Luanda is Expensive
Those who pay the highest price for the high cost of living in the Angolan capital are not expatriates, but Angolans.
The British weekly news publication, The Economist, recently summarized the Angolan capital, Luanda. The city markets itself as the “New Dubai.” The Economist notes a number of similarities: “Luanda has vast oil wealth. If they could only get visas, which are rarely granted, tourists would flock to its beaches and nearby game parks. Following the opening of a modern airport, flights arrive non-stop from Europe and America.” But there’s one key difference: “… if prices in Dubai seem inflated, they have nothing on Luanda. Last year Angola’s capital was the most expensive city in the world, according to Mercer, a New York-based consultancy. A bog-standard hotel room costs $400, a non-alcoholic drink in the lobby $10 (though a mere $2 in a supermarket). An underwhelming hotel buffet is $75 and a pizza on the street $25.” Etcetera, etcetera.

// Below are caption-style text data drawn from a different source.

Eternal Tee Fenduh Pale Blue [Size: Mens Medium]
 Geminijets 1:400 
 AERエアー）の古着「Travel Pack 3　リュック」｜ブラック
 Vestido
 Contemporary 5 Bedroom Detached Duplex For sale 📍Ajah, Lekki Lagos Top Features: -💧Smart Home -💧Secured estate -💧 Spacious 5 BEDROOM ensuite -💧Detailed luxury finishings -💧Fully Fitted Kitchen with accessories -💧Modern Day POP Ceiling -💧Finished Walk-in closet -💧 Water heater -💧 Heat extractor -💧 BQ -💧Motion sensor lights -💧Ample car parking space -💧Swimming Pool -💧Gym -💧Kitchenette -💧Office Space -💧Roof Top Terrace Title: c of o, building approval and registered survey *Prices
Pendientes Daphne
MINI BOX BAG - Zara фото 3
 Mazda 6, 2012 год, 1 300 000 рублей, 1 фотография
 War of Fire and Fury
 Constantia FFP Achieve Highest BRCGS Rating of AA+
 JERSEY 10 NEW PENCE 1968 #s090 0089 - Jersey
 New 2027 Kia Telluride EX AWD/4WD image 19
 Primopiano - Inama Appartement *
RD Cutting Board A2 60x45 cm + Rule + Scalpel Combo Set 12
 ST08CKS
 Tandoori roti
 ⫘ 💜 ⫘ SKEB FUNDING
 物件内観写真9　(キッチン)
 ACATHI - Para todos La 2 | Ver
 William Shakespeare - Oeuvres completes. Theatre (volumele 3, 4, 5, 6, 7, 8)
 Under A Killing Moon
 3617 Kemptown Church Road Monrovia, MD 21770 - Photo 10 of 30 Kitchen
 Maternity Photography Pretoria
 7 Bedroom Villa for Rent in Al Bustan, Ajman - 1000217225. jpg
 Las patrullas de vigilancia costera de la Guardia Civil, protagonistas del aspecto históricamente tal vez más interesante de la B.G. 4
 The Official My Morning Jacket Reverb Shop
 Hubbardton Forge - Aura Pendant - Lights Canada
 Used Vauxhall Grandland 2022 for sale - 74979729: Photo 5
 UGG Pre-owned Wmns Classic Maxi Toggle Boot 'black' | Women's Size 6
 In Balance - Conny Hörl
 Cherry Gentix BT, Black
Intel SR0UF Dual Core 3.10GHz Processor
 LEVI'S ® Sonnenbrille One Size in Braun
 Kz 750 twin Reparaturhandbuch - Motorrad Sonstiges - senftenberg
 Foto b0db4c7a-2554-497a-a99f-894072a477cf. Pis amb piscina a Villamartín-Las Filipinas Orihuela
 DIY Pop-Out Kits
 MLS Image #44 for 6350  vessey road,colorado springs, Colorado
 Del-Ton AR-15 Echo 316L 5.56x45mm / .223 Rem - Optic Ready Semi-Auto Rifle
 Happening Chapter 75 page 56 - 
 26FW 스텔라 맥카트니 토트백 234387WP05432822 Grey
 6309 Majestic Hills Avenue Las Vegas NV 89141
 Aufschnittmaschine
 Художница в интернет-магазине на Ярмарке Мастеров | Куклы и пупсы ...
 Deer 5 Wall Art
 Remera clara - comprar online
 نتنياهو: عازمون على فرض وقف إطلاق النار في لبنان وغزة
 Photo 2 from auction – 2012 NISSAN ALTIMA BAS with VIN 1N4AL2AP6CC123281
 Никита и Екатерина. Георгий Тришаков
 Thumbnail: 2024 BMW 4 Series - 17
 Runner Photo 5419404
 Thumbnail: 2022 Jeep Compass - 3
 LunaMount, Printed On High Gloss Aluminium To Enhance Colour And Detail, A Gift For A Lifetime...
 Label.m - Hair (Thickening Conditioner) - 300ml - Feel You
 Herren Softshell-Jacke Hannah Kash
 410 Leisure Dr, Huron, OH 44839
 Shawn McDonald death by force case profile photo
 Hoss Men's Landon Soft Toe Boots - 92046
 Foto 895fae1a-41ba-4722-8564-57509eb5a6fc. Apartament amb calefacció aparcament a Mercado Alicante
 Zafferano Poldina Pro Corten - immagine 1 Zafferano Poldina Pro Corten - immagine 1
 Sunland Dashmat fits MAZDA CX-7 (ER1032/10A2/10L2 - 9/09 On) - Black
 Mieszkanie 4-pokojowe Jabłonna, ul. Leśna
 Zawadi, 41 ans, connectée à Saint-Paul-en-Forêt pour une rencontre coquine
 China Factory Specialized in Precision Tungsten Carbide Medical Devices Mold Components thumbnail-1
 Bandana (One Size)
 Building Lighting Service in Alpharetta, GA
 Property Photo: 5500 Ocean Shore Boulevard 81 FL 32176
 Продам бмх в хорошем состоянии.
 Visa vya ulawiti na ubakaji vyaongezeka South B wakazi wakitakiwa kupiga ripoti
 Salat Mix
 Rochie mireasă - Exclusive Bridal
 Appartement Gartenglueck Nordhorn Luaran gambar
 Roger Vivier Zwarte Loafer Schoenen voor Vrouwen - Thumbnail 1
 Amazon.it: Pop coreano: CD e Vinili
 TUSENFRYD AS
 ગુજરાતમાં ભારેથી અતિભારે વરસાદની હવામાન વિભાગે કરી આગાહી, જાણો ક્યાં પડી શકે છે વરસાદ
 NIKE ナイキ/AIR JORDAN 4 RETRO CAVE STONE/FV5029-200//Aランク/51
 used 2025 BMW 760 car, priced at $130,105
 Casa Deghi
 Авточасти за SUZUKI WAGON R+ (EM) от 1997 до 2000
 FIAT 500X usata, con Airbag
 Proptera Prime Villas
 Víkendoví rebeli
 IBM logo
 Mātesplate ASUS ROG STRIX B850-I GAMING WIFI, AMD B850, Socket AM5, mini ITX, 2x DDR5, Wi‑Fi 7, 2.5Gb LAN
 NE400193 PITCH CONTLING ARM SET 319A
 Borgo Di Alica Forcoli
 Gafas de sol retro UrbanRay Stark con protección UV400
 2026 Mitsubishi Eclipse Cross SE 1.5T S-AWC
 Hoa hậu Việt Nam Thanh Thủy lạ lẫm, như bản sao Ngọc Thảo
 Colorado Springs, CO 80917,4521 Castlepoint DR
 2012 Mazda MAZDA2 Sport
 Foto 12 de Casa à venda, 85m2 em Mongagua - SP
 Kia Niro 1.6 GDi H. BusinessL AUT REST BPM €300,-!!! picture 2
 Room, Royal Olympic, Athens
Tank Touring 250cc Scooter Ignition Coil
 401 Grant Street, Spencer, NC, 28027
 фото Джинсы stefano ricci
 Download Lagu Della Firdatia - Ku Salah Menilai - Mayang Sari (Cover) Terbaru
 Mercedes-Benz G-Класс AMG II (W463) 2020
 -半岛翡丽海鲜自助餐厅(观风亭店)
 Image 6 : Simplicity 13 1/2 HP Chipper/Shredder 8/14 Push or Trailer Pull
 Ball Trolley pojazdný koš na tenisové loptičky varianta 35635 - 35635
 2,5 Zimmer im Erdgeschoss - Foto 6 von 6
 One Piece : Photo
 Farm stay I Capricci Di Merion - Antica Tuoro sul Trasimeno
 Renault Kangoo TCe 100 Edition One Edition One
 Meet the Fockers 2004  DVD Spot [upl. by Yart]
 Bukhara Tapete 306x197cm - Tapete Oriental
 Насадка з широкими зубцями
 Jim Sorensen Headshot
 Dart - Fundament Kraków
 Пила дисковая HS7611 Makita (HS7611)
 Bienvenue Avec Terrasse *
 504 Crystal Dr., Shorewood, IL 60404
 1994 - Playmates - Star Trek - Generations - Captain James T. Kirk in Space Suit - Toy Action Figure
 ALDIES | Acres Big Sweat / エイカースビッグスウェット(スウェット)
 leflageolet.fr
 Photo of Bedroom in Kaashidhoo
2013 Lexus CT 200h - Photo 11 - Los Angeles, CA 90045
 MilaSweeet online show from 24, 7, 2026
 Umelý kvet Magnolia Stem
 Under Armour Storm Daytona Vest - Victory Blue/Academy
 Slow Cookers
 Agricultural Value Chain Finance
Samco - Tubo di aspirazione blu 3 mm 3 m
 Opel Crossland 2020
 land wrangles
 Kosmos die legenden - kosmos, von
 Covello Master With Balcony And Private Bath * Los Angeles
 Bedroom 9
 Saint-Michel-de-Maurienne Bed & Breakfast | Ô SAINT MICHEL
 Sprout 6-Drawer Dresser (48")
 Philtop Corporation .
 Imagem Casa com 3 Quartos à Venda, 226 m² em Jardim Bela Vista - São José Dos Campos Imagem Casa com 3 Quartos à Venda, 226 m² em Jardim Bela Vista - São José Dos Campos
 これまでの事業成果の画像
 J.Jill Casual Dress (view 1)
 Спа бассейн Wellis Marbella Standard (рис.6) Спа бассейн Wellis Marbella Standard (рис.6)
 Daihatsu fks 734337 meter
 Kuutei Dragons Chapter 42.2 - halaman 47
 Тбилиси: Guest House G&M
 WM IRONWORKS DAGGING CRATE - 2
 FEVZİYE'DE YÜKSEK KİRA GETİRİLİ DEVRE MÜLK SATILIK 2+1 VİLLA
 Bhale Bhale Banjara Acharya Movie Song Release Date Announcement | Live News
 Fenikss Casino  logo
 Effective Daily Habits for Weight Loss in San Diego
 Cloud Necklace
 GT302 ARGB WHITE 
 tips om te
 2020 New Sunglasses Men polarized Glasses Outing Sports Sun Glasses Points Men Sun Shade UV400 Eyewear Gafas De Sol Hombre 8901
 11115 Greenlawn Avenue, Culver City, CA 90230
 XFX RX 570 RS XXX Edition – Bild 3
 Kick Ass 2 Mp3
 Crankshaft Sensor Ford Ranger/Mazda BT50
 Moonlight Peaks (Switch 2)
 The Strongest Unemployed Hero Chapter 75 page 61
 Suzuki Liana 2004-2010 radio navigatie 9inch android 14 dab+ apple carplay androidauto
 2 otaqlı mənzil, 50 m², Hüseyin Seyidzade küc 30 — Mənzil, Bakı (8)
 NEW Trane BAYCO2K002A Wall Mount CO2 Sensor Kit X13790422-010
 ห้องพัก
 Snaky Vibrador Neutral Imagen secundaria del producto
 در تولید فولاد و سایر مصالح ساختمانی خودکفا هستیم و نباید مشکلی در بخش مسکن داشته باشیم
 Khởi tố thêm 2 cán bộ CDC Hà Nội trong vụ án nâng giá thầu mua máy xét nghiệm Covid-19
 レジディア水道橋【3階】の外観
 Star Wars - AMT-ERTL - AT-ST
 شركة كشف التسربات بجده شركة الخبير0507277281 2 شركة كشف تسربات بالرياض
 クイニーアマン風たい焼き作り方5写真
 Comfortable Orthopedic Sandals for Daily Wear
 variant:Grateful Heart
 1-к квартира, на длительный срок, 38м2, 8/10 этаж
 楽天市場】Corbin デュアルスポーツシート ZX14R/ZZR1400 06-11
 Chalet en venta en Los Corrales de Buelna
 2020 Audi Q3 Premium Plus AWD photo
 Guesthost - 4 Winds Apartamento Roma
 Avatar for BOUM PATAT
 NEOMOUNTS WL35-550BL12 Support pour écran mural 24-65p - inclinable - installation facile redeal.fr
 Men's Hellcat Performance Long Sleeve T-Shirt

As a professor of African history, I spend ample classroom time analyzing Western produced images, past and present, of the African continent, African peoples, African economies and African cultures. I suggest that these images tell us more about the producers than they do about the places and people they show us. Reading this blog entry (excerpted above) on the The Economist website about Luanda, Angola (the city where I currently live and work), reminded me again of this ‘kickback’ of representation.
Surprise and wonder at the high prices and cost of living in Luanda and at the extremes of wealth and poverty in the city are journalistic boilerplate for foreign correspondents visiting Angola. And I’ve come to find it just as tiresome and problematic as 19th century European depictions of African savagery because it erases the complicity of outsiders (who, in the end, consumes the great bulk of oil pumped from Angola’s ocean floor?), and paints Westerners as victims of official corruption or as heroes – in the blog above a Frenchman tried to sue a local business for profiteering (no mention was made, of course, about the ongoing case against French officials on trial in France for having illegally sold arms to Angola during its long civil war and bolstered state power).
Those who pay the highest price, both literally and figuratively, are Angolans. They experience more crime, more hassles from government bureaucrats, and spend huge amounts of time, energy and money on poor goods and services, while a small number of their fellow countrymen and ex-pats make money hand over fist. And yet, I know very few Luandans who ever see themselves as victims.
Representations of Luanda’s high cost of living are 21st century are a lazy riff on 19th century ideas and images. Exotic economies and corrupt officials replace quaint folklore and savage rulers reminding us that Westerners continue need the continent to do symbolic work for them.